Re: Why per tablet server 's upper limit is 4TB.

2017-08-31 Thread yuyunliuhen
It is very helpful. thanks !


原始邮件
发件人:Jean-Daniel cryansjdcry...@apache.org
收件人:useru...@kudu.apache.org
发送时间:2017年8月30日(周三) 23:50
主题:Re: Why per tablet server 's upper limit is 4TB.


Hi all,


We bumped the limit as of 1.4.0 but the new docs haven't been re-published, you 
can still see them 
here:https://github.com/apache/kudu/commit/0e41d4cce5ca96cb08612475f76539f6c8bc58f1


Hope this helps,


J-D


On Wed, Aug 30, 2017 at 3:56 AM, Denis Bolshakov bolshakov.de...@gmail.com 
wrote:

Mike Percy answers to @kinglee (from Kudu Slack channel)
there are multiple issues that interact but one issue is that if you have many 
tablets you will use many threads. Adar has been focusing on improving density 
lately and trying to quantify the scaling limits.
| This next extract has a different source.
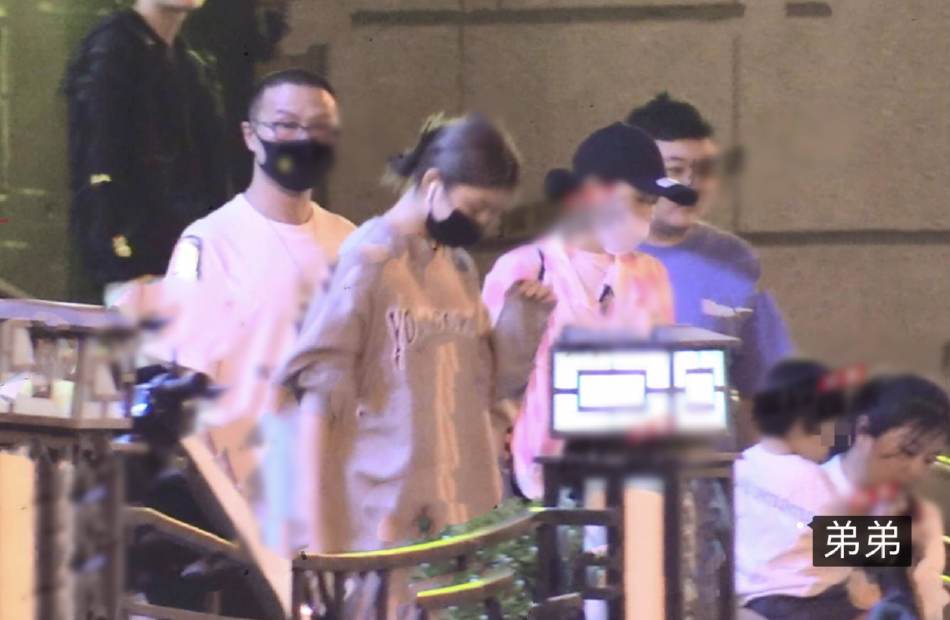 组图:章子怡汪峰被拍到一家五口外出聚餐画面温馨第7张图片 组图:章子怡汪峰被拍到一家五口外出聚餐画面温馨第7张图片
On 30 August 2017 at 13:22, yuyunliuhen yuyunliu...@gmail.com wrote:

"Recommended maximum amount of stored data, post-replication and 
post-compression, per tablet server is 4TB."
what will happen if the data more than 4T? the disk is large than before. 6T a 
disk is is common, there any test data or doc?







-- 

//with Best Regards
--Denis Bolshakov
e-mail: bolshakov.de...@gmail.com

Re: Question about per server data upper limit.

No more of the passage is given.